Si te quedas en mi país (Una mirada extrapoética sobre los recientes sucesos en Perú)

«Lo que ha sucedido en mi país ha sido una verdadera guerra de mafias».

Foto de Luigi Esposito Jerez (ver galería completa en Álastor).

El poeta Enrique Verástegui (Lima, 1950), principal exponente del grupo Hora Zero, de gran influencia en la lírica peruana, tiene un poema cuyos versos rezan así:

[…] en mi país
no hay dónde ir
pero tienes que ir saliendo
como el acné en el cascarón rosado […].

El texto se titula “Si te quedas en mi país” (En los extramuros del mundo, 1970) y, por su vitalidad y vigencia, siempre ha sido para mí un referente de la situación política, social y cultural que afrontamos en esta parte del mundo desde hace poco más de cuarenta años.

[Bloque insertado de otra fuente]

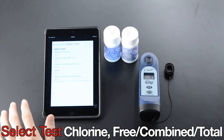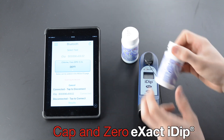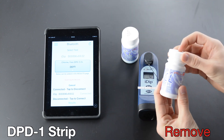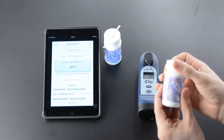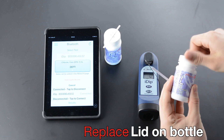Select Test. Cap and zero XactiDip. Remove strip. Replace lid on bottle. Remove strip. Replace lid on bottle.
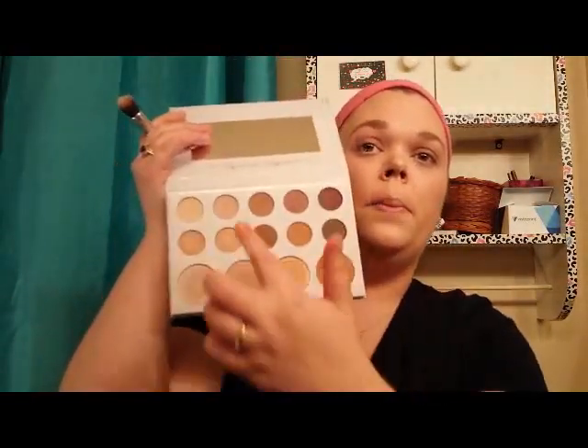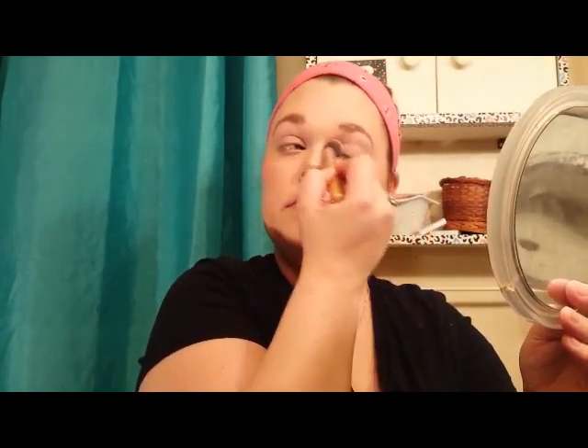Now I'm going to start with eyeshadow. Working from the Carly by Belle palette again, I'm grabbing the lightest shade, tapping off the excess, and gently sweeping it all over my lid right up under my brow bone on both eyes. There's no real rhyme or reason — it's just creating a nice even base so the rest of your eyeshadows blend smoothly.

Cuando Carlos M-Castro, editor de Álastor, me pidió que le diera mis impresiones acerca de la actual situación del Perú, caótica a los ojos de Latinoamérica y el mundo, no se me ocurrió otra manera de hacerlo que apelando, en primer lugar, a la poesía. Esa poesía tan vapuleada y ninguneada por la sociedad tecnológica –en especial, en nuestro continente–, y sin embargo tan terca y brutal como para seguir creando y cantándole a la rosa, como quería Huidobro.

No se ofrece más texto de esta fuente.